▶ [What is required] Find the line with "Vector illustration with" in the data below. Repeat it and every line after it up to the end, exactly, but drop the pictures.

[Scraped caption text data]
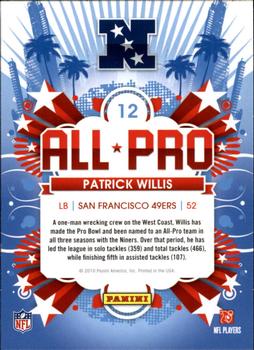 2010 Score - All Pro #12 Patrick Willis Back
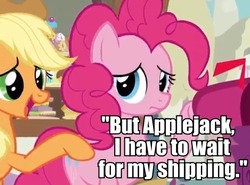 Size: 464x344 | Tagged: safe, applejack, pinkie pie, g4, female, image macro, lesbian, ship:applepie, shipping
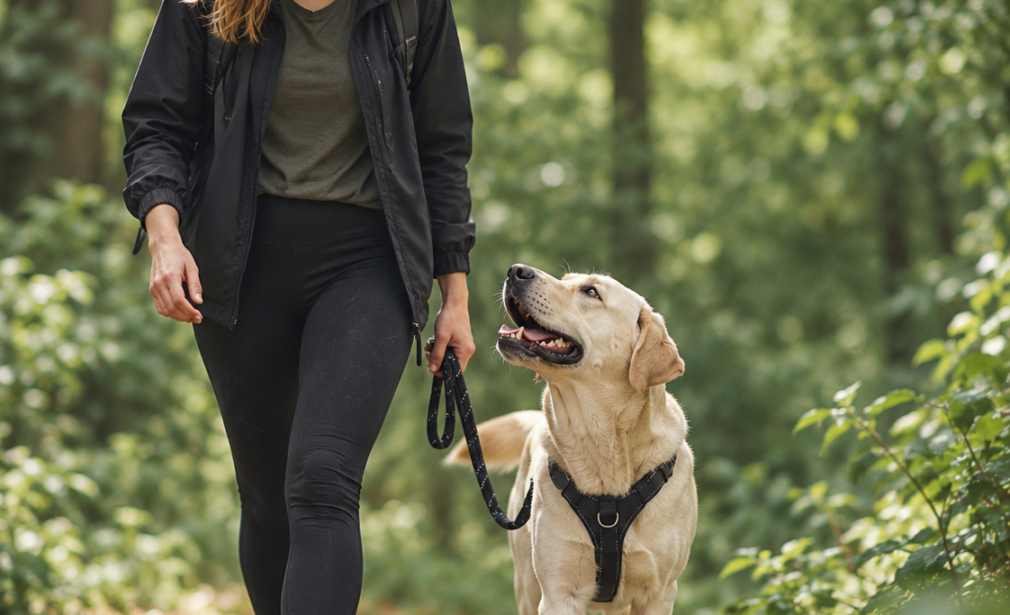 Passeggiata con un labrador nel bosco – immagine illustrativa generata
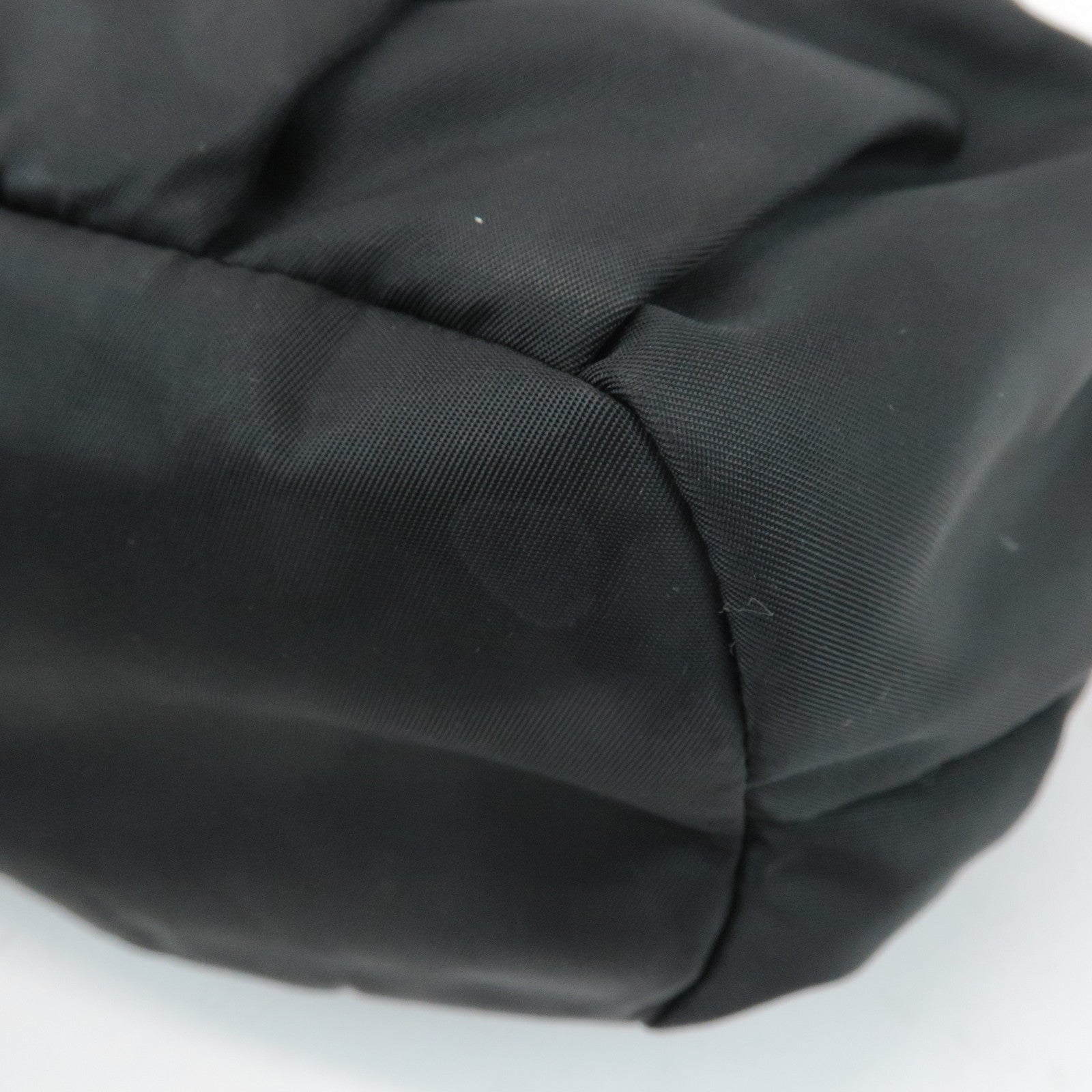 PRADA Ribbon Leather Nylon Shoulder Bag Hand Bag Black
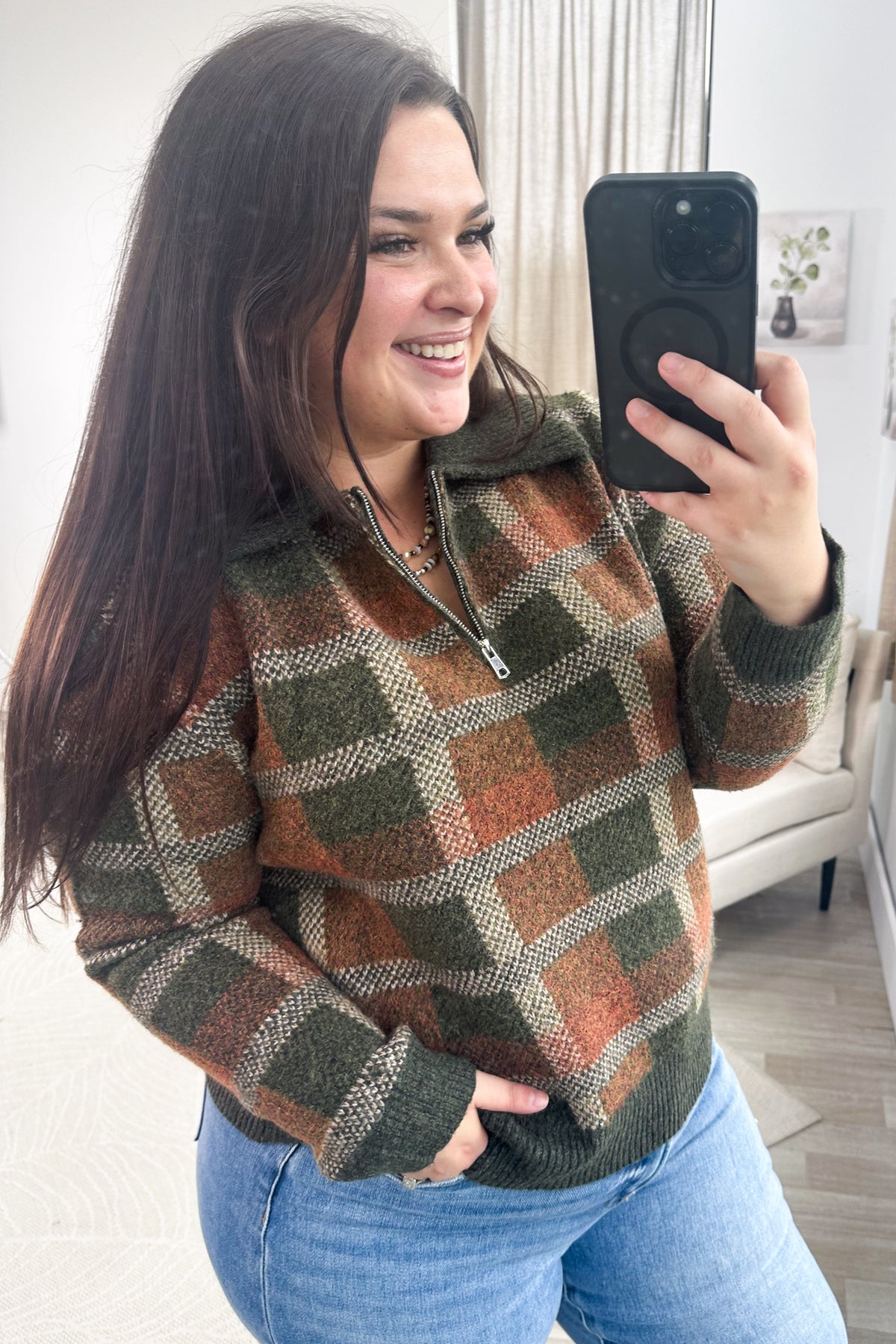 Staccato Olive Sweater Quarter Zip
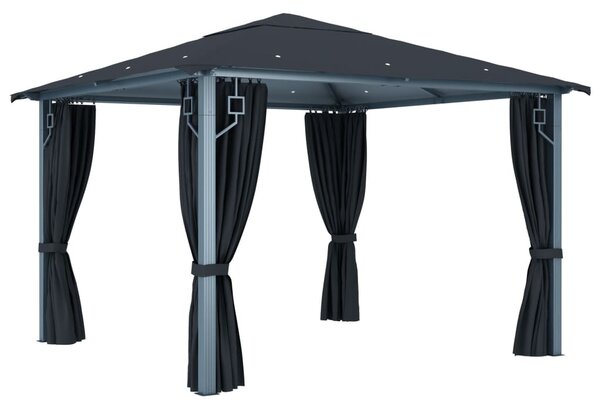 Antracitszürke alumíniumpavilon függönnyel 300 x 300 cm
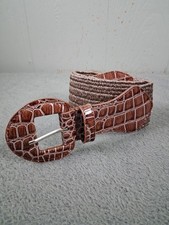 Vintage 90s Stretch Elastic Leather Wide Waist Belt Brown L/ XL Chic Cinch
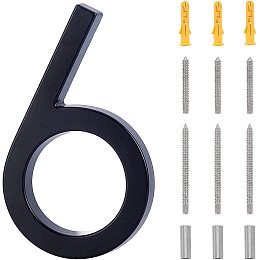 NBEADS 6 Inch Floating House Number 6, Zinc Alloy House Address Numbers Metal Modern House Numbers with Iron Screws for Home Address and Office Numbers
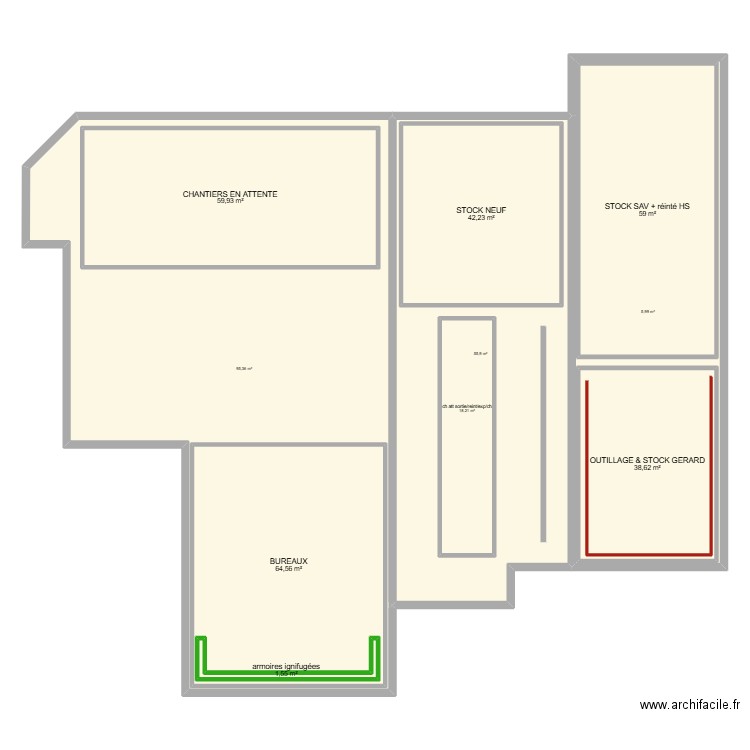 R-1. Plan de 10 pièces et 752 m2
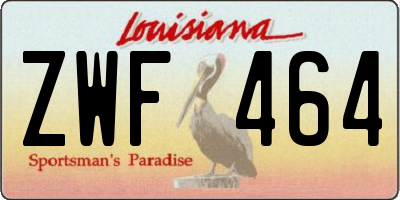 LA license plate ZWF464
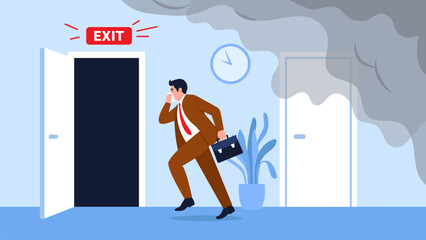Vector illustration with a guy running away from smoke in a panic. Cartoon scene of an office worker covering his nose with a handkerchief and running to the exit from a smoky room.
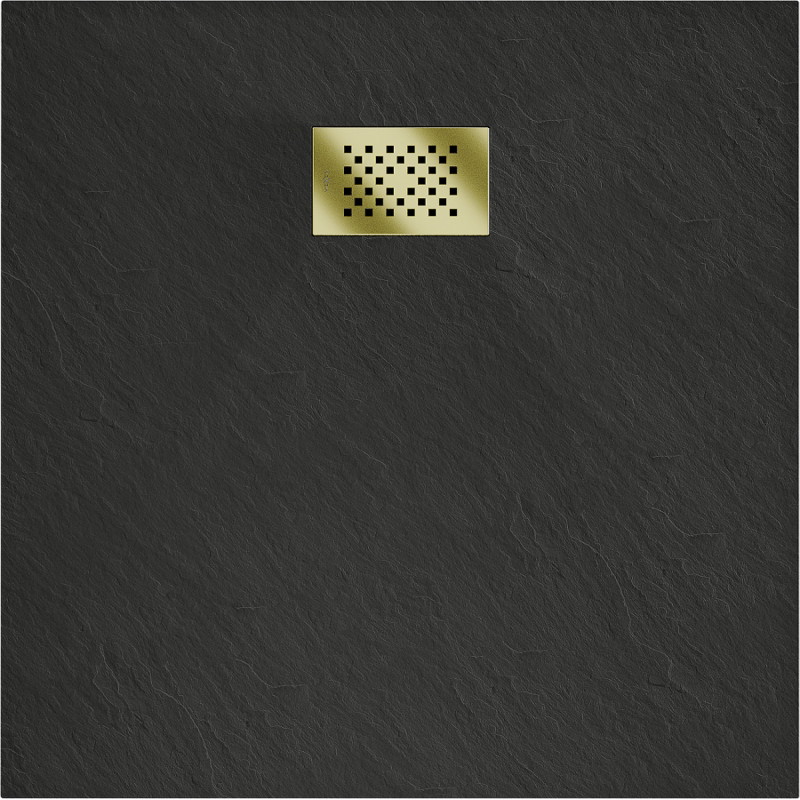 Mexen Hugo brodzik kwadratowy SMC 90 x 90 cm, czarny, maskownica złota - 42709090-G
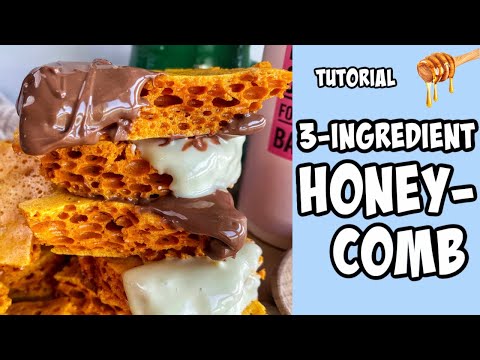3 Ingredient Honeycomb! Recipe tutorial #Shorts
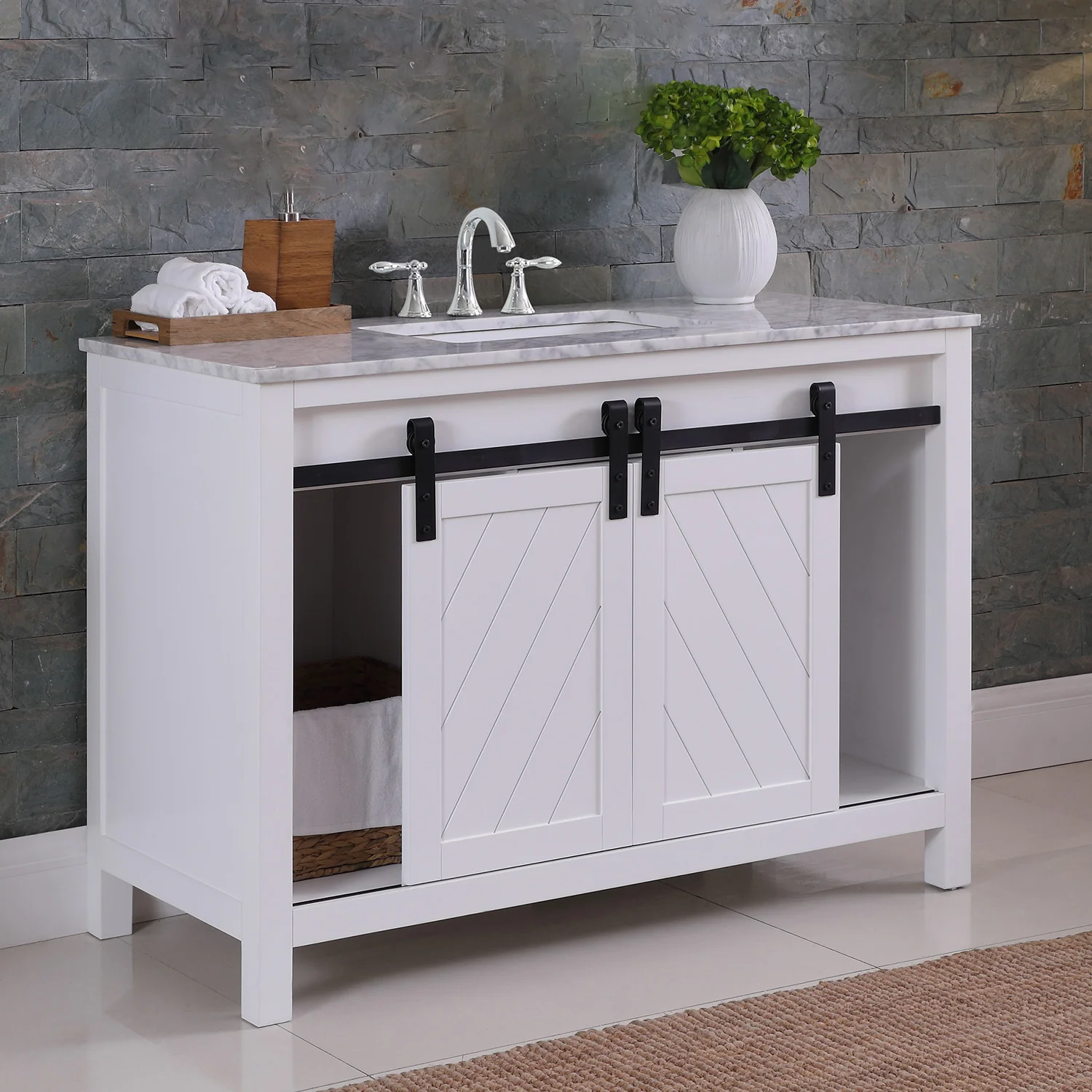 Altair Design Kinsley 48" Single Bathroom Vanity Set in White and Carrara White Marble Countertop - Image 13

▶ [Written solution]
Vector illustration with a guy running away from smoke in a panic. Cartoon scene of an office worker covering his nose with a handkerchief and running to the exit from a smoky room.
 Mexen Hugo brodzik kwadratowy SMC 90 x 90 cm, czarny, maskownica złota - 42709090-G
3 Ingredient Honeycomb! Recipe tutorial #Shorts
 Altair Design Kinsley 48" Single Bathroom Vanity Set in White and Carrara White Marble Countertop - Image 13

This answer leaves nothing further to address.